It’s called propranolol. A mouthful, to be sure. The reason why so many medicines have require long, unpronounceable names has always eluded me. I once asked my doctor why such a thing was necessary. He said nothing and looked at me like I was stupid. I don’t think he knew why, either.
Propranolol is a beta blocker, used for everything from cardiac arrhythmias to high blood pressure to controlling migraines in children. A wonder drug with fantastic benefits.
A recent study by Dutch scientists has revealed another fantastic benefit, one that has led to a lot of thinking on my part.
Propranolol, it seems, also dulls memory. Dulls it to the point where these same scientists are boldly predicting a time in the very near future when we could rid our minds of bad memories all together.
Sounds wonderful, doesn’t it? To get rid of all those nasty reminders of the bad moments in our lives. It certainly sounds wonderful to me. Much of my daily life is still lived in the past, whether knowingly or not. It’s fingers still grip me. Loosely perhaps, but enough that I still feel them. Feel them in my decisions and reactions and worries.
And I’m sure I’m not alone. I dare say that I’m not the only one who carries around a little excess baggage. So why not lighten that load a little? Why not forget?
I can certainly see the value in such a therapy being used to treat those suffering from some form of post traumatic stress: victims of abuse or soldiers returning from war come to mind. These people are particularly prone to the agonies of bearing what may well be an unbearable weight. Such memories can lead not only to depression and psychosis, but even death.
But what about the rest of us? The ones who are plagued not by horrendous moments, but horrendous decisions? Are our bad memories made less so because they are not as powerful? Because they foster more guilt and regret than terror and numbness?
I’m not so sure.
We are largely the product of our experience, the end result of the countless choices and innumerable decisions. Many of those choices and decisions were good. Many were bad. But both worked together in an intricate and holy dance that has culminated in bringing us to both here and now.
But what if that dance were interrupted? Would we truly be made whole if those bad memories were taken from us, or would we somehow become less than we should?
Would the lessons we’ve learned from our mistakes be dulled along with the memories? And so would we then be doomed to repeat them?
Is there value in the things that haunt us?
That’s the question. One worth pondering, too.

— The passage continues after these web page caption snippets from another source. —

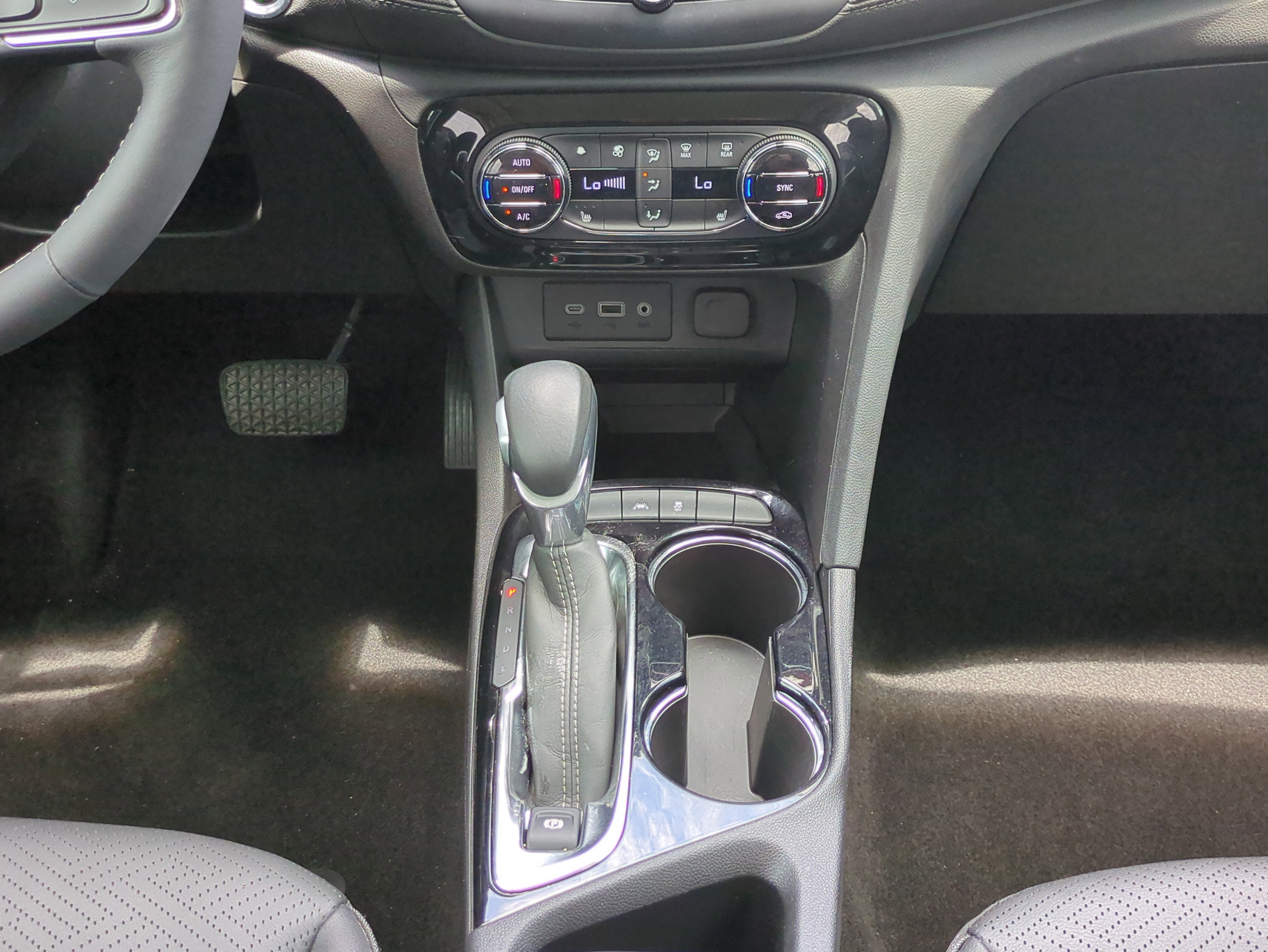 Used 2023 White Frost Tricoat Buick Essence image 20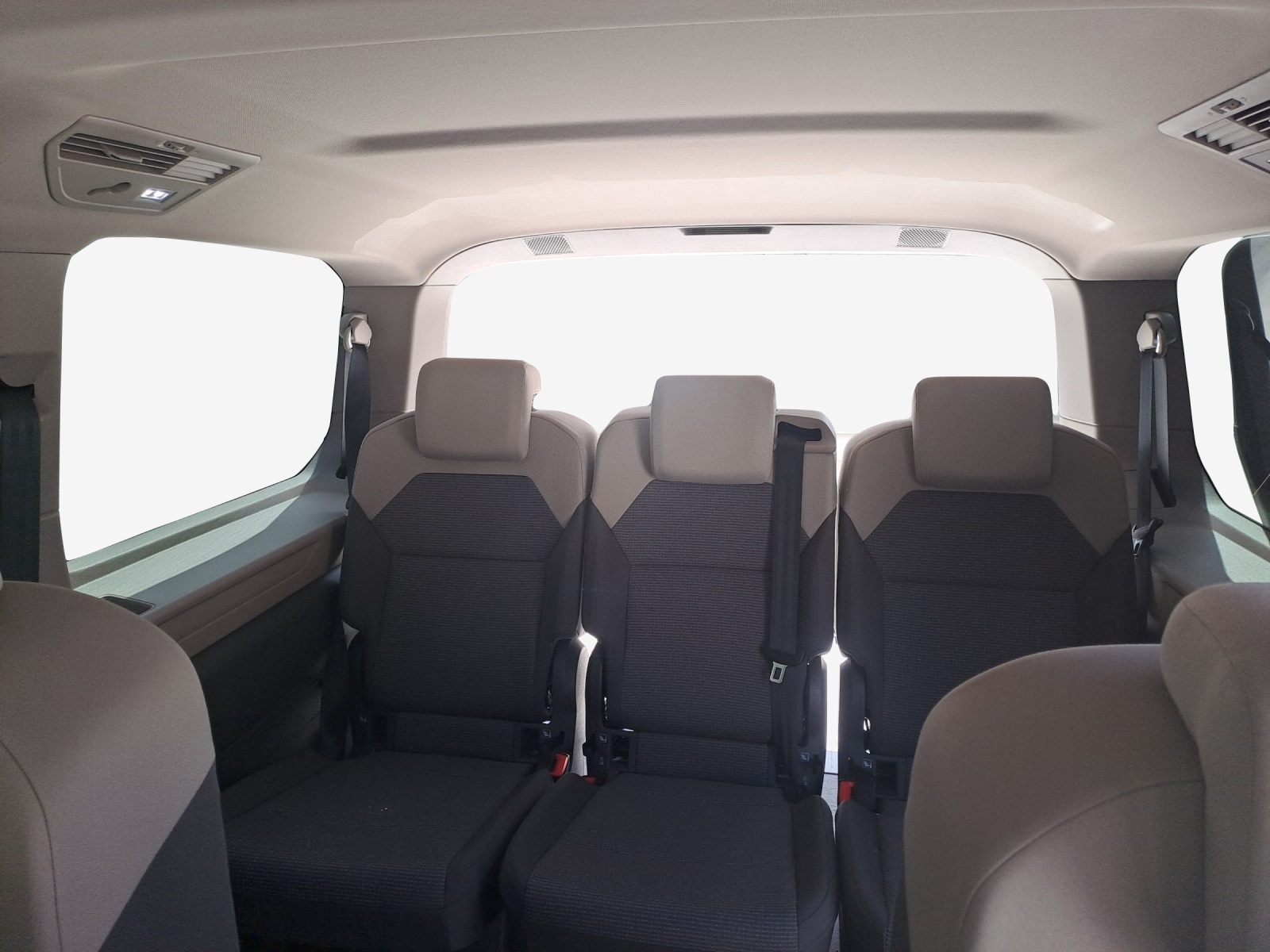 VW Multivan 2.0 TDI Liberty DSG-image-10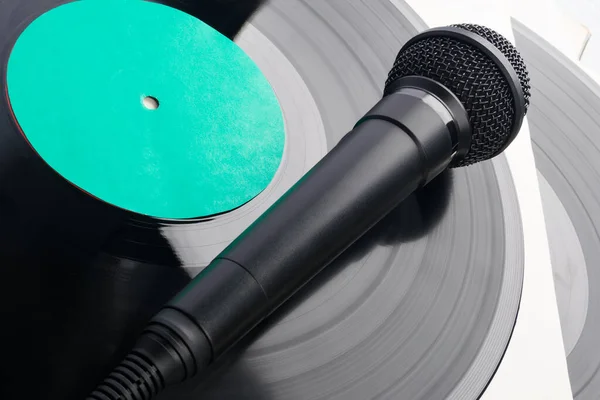 Black Microphone Lies Old Vinyl Record Close — Foto Stock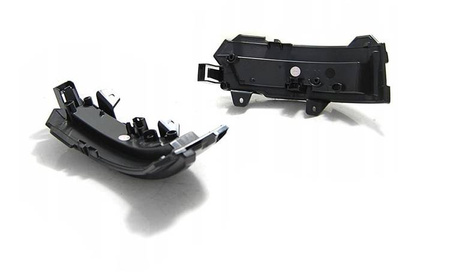 Tükörirányok az Evoque Range Discovery Velar számára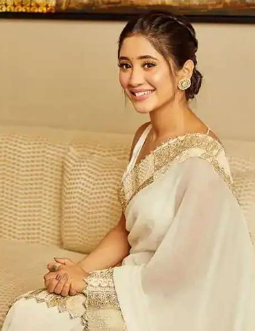 "Shivangi Joshi Talks About Bold Scenes: Stepping Out of Comfort Zone with Limits"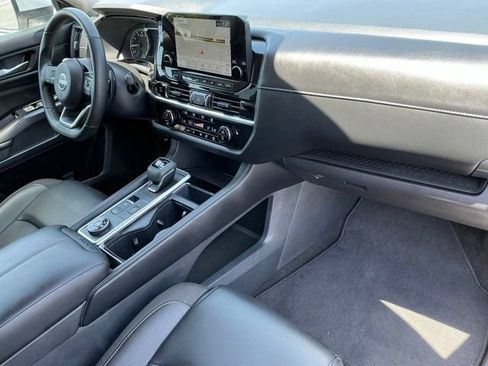 Used 2025 Nissan Pathfinder SL AWD/4WD image 24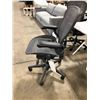 Image 3 : HERMAN MILLER AERON GRAPHITE FULLY ADJUSTABLE TASK CHAIR ( SIZE C ) RETAIL VALUE $2146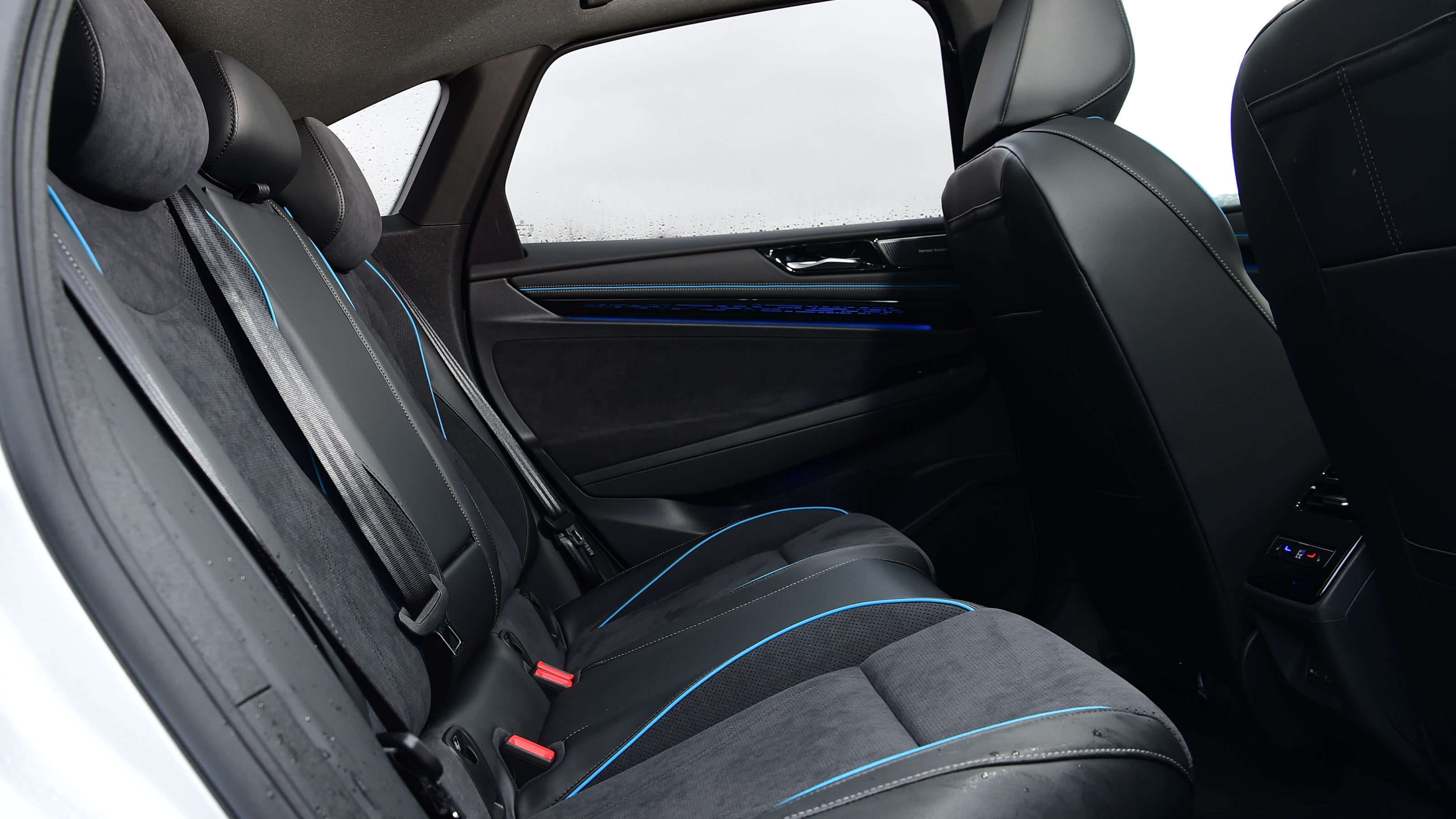 Volkswagen ID.7 - rear seats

We don’t mind accepting that the good in our lives was ordained by God. I’ve never doubted that my wife, my children, and my job are gifts from heaven. They provide my life with a healthy dose of meaning. They have purpose.
But if the good God has given us is endowed with meaning and purpose, then shouldn’t also the bad? And can we, with our limited vision and understanding, really label something as “good” or “bad” in the first place? How can we know for sure until the end result of our lives is played out and our story is done?

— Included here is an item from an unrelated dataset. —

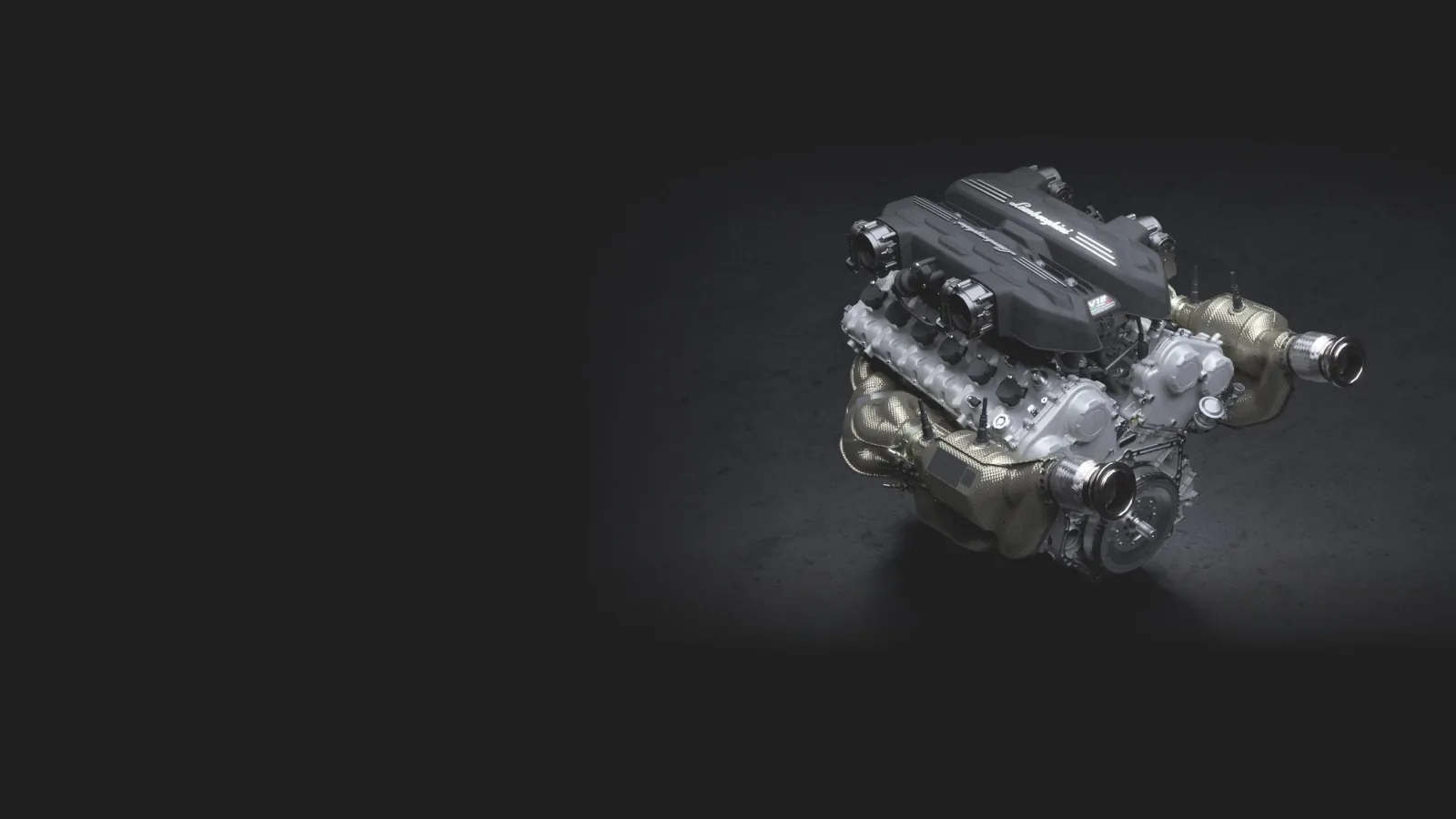 Атмосферный V12 Revuelto SV на стенде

The blessings of my wife and children and job were born of horrible memories of the person I once was. It is because of those bad memories that I realize, finally, how blessed I am now. I love these things not because of the goodness I enjoy now, but because of the bad I suffered through then. Because the bad taught me what mattered. Would I give those memories back? No. Because I think the grace that has been given to me would be lessened in the forgetting. Because forgetting the pain of who I was then would dull the joy in Whose I am now.
We are all scarred by life. No one leaves this world as perfect as we entered it. But it is those very scars that shame us that make us all the more beautiful in God’s eyes. Rather than hide them, He beckons us to give them to Him.
Better than forgetting our memories is surrendering them. Better than pushing them down is lifting them up.